The same objects are used except that the unit-operation tuples are split into their feed and product-sides. Product-sides have attached
the outlet ports whereas feed-sides have the connected inlet ports. The idea is to present each of the sides on opposite ends of the view
where it is equally valid to have the products on the left and the feeds on the right and visa-versa. Furthermore, the order of the
product-sides and feed-sides in terms of the meta-physical object placement can also be arbitrary (i.e., the order or sequence of unit-
operations inside the respective feed or product-sides can be specified). The PFM is useful because there is no retention of a spatial
material-flow-path concept or structure as in the PFN. The PFM’s prime objective is to show the explicit mapping of outlet ports to
inlet ports throughout the entire production-chain setting clearly and succinctly. This is of value when it is necessary to focus on a
particular stock or related set of stocks when in the PFN the stream flows can be very far apart spatially in the network making
graphical navigation cumbersome. Consequently, the PFM should be considered as more of a stock-specific or focused view whereas
the PFN is more of a unit-operation-specific view (thus the complementary relationship between them). To make this more evident
consider an oil-refinery where the production is sometimes demarcated along the lines of clean or white-oil product versus dirty or
dark-oil product, then the PFM could be used as a helpful tool to model and monitor the daily stock flows for both related oils in the
plant separately in different views or in the same view just positioned at different locations in the map. The PFM can also be used to
represent certain distributed products inside a supply or demand-chain whereby the product-side can represent the supply-side
producers or suppliers and the feed-side can represent the demand-side consumers or customers. This would enable the individual
product-lines (or groups of stocks) for a particular market to be shown easily. Without the PFM, a large flow network view can be
constructed with the unavoidable result of many overlapping and crossing flow lines making the picture somewhat difficult to trace
what supplier is delivering what material to what customer. This is mostly avoided in the PFM because there is a single assignment or
association of one supplier flow of stock to one customer where the spatial representation of the material flow context is abstracted.
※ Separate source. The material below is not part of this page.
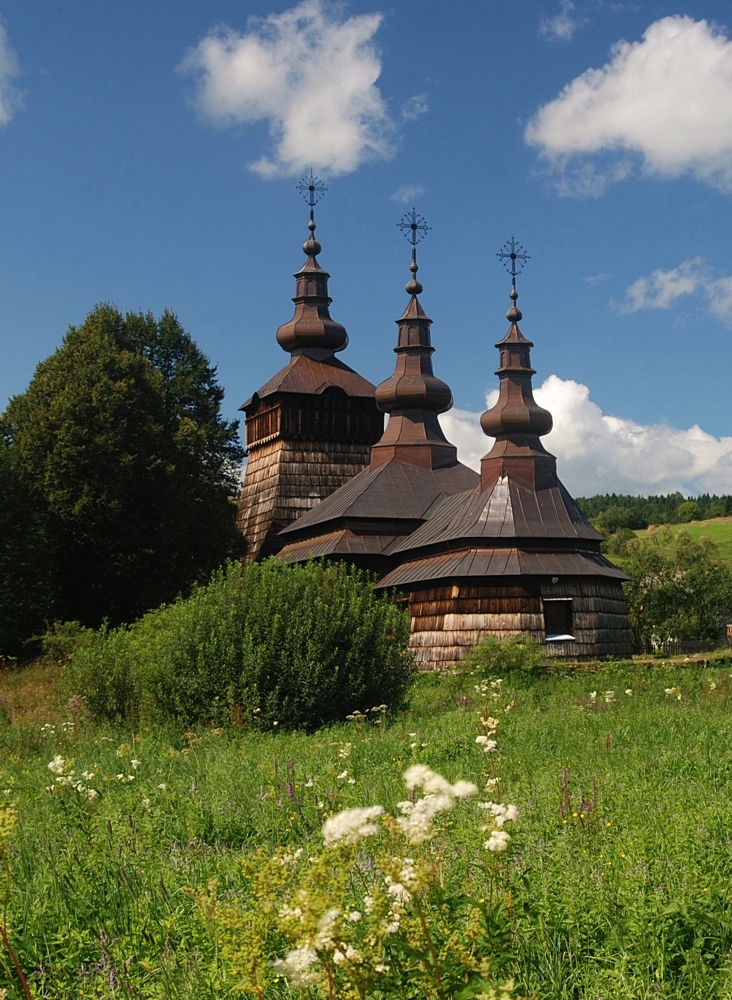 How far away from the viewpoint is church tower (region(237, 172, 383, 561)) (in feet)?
155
Presented in this brief article are some of the fine-points around the production details found in all process industry plants. The focus
of this paper has been to delineate several of the most fundamental concepts underlying production and manufacturing. Two novel
views, the production flow network and the production flow map are shown which can aid any planner, scheduler, process engineer,
operator and manager in more effectively understanding, formulating and stewarding his or her production responsibilities.